I approached, eager to introduce myself, but stopped when I heard the mother's voice. It was clipped and cold. “Shameful, really,” she was saying. “I must speak out: your sisters fear you, you know, and Pritch is useless. Why would you wallow like a pig in your
episodes
? Why? I tried to come to one of your performances, you know, and couldn't stay for more than a minute. So dark and ugly. Why must you insist on making yourself so ugly, rubbing things all over you, saying those horrible things? Blythe, darling, we all wish you wouldn't, you know. They're no one's business. Your boys will never get away from them. You will end up making them just like you, and I, well…It's simply unfair,” she said.
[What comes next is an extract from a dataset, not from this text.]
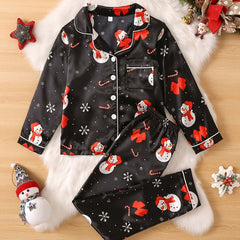 Girls Christmas Print Pajamas Set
Her webbed eyes fell from their focus and she saw me standing behind Blythe, staring at her. I was holding Mackenzie's hand so tightly the poor child was squirming. Blythe's mother pursed her lips and narrowed her dark eyes, which were so like my Blythe's, but hard where her daughter's were liquid. I suddenly felt so dirty and ugly and vulgar with my cut-price shoes that I turned and fled, despite Mackenzie's whining, despite my own curiosity. And from then on I couldn't help grimacing whenever Blythe spoke of her mother, because she always did so in a voice redolent with love.

 

BY THE TIME MY GIRLS
were in school I had stopped writing poetry. Blythe was already making great waves with her
pieces, and in the maelstrom of her success I began to lose my love for my own poems. I make no excuses for myself: had I been a real poet, her fame wouldn't have affected me at all. I would have kept on writing my quiet things, sending them out, collecting the rejections and rejoicing in the few acceptances. But under Blythe's reflected light my poems seemed so paltry and meek. I kept my love for poetry in general and for the more serious fiction I was reading in gulps, and it was this love that made me return to school for a Ph.D. in English. I would still be thinking deeply of writing and art, would still be doing what my poetry had been doing, trying to connect distant pieces of the world and draw them closer.